Nun versuchen Erdoğan und seine AKP, die allmählich auch bei den Wählern
ihre Gunst einbüßen, zu retten was noch zu retten ist. Dabei spielen die
Gedanken um die Zukunft der Gesellschaft in der Türkei keinerlei Rolle.
Den Akteuren ist klar, dass sie bis vors Gericht gezerrt werden könnten.
Daher liegt es nicht im Interesse der AKP die Türkei, ihre Politik und
Gesellschaft zu demokratisieren. Dies würde bedeuten, dass Verbrechen
objektiv geahndet werden müssten. Man kann im Moment beobachten, wie die
AKP versucht, alte faschistoide Kreise zu reaktivieren, die sie selbst
Jahre zuvor als Gegner im Machtkampf neutralisiert hatte.

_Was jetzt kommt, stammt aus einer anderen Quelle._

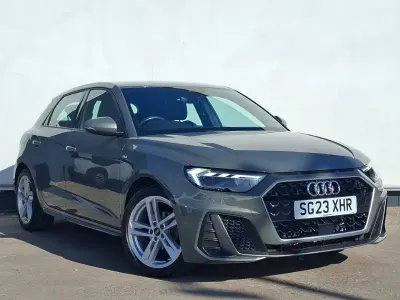 Usado Audi A1 S-Line 95 HP (69 kW) 2023 Cinzento SUV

Kurz gesagt, es gilt zu verhindern, dass die Gespräche mit Öcalan in Friedensverhandlungen
münden. Denn dann könnte niemand mehr die sich entwickelnde Dynamik –
und damit eine Demokratisierung der Türkei – stoppen. Dies würde zugleich
auch ein schnelles Ende der AKP bedeuten.

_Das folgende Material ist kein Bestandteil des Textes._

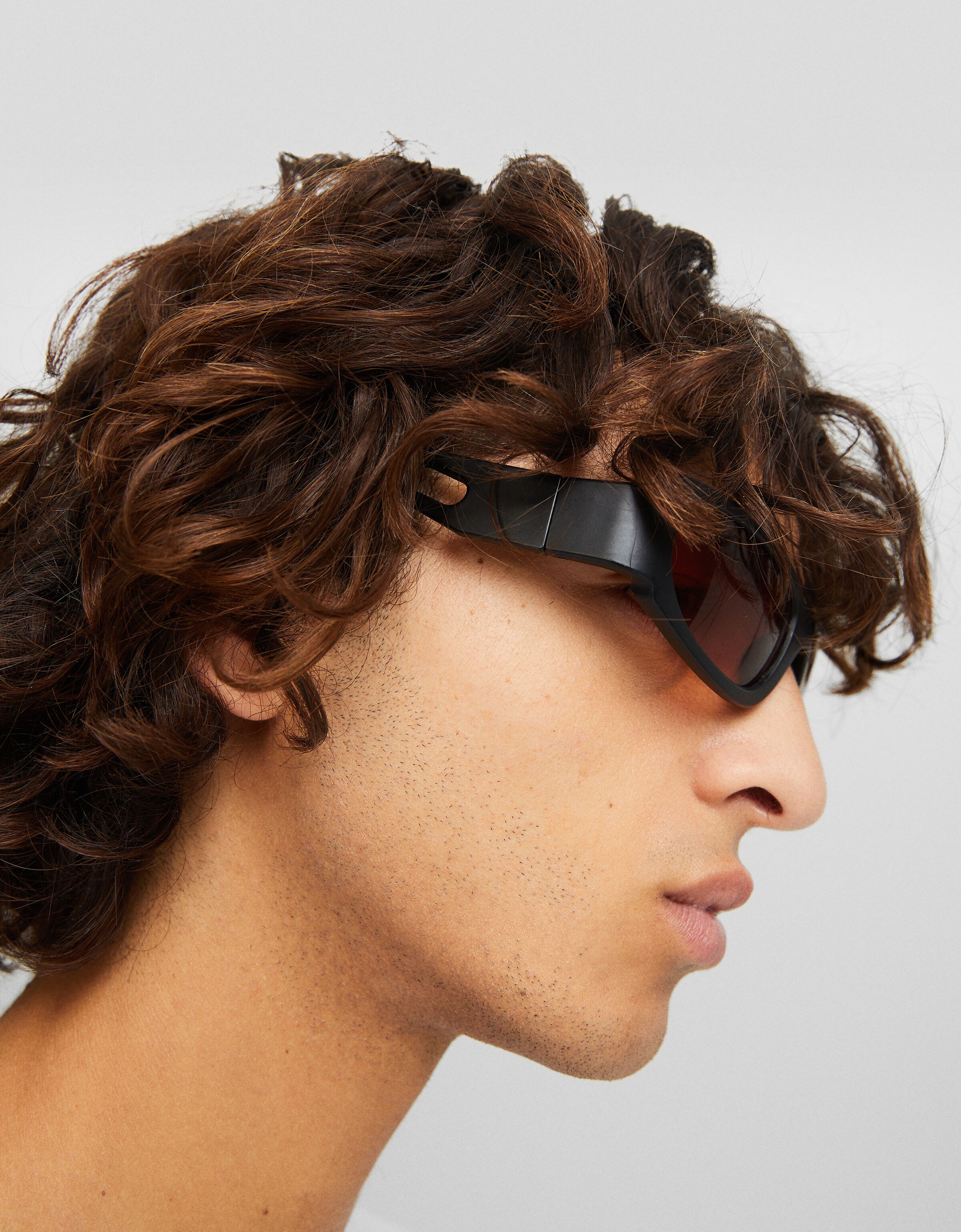 Gafas de sol online hombre bershka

Daher ist es für die AKP von enormer Bedeutung die Entwicklungen zu bremsen,
wenn möglich gar zu sabotieren. Das Verbot von Twitter wurde über zwei
AKP-Minister initiiert und von Erdoğan bereits mehrmals, im Besonderen
gestern in aller Öffentlichkeit mit Vehemenz, gefordert. Nun zielt das
Verbot auf eine Sabotage der Erklärung Öcalans in Bezug auf den Friedensprozess
ab. Es gilt zu verhindern, dass bereite Schichten außerhalb der kurdischen
Gesellschaft sich mit der Erklärung Öcalans, wie bereits im letzten Jahr,
auseinander setzen.
Auf den ersten Blick scheint das der AKP und Erdoğan bestens zu gelingen,
denn kaum ein nennenswertes Medium befasst sich ernsthaft aktuell mit
den Neujahrsfeierlichkeiten in Amed (Diyarbakir) wo die Erklärung Öcalans
verlesen werden soll. Diese gilt als Perspektive für den weiteren Verlauf
der Friedensbemühungen in der Türkei. Hätte die AKP die Erklärung Öcalans
behindert, so wäre sie der aktiven Sabotage beschuldigt worden. In der
aktuellen Phase ist die AKP so stark geschwächt, so dass sie sich eine
offene Sabotage nicht leisten kann.
Man sollte auch stark berücksichtigen, dass die Erklärung Öcalans einen
enormen Einfluss auf den Wahlausgang zur Kommunalwahl am 30. März ausüben
kann. Die Frage ist nur, ob diese prinzipienlose Politik und Strategie
der AKP auch Erfolg haben wird?!
Hierauf wird die Gesellschaft in der Türkei und Kurdistan am 30. März
mit ihrer Wahl gegen die AKP reagieren. Denn Fakt ist, dass der Fall der
AKP tiefer sein wird, als in den von ihnen selbst erstellten und lancierten
Umfragen.
Es bleibt nur zu hoffen, dass in der Türkei, ähnlich wie in Kurdistan,
die demokratischen Kräfte deutlich zunehmen. Hierbei bietet sich die Demokratische
Partei der Völker (HDP), deren Abgeordneter Sirri Süreyya Önder als einer
der ersten und wenigen Abgeordneten den Gezi-Widerstand gegen die ignorante
und gierige Politik der AKP geführt hat, als echte Alternative an.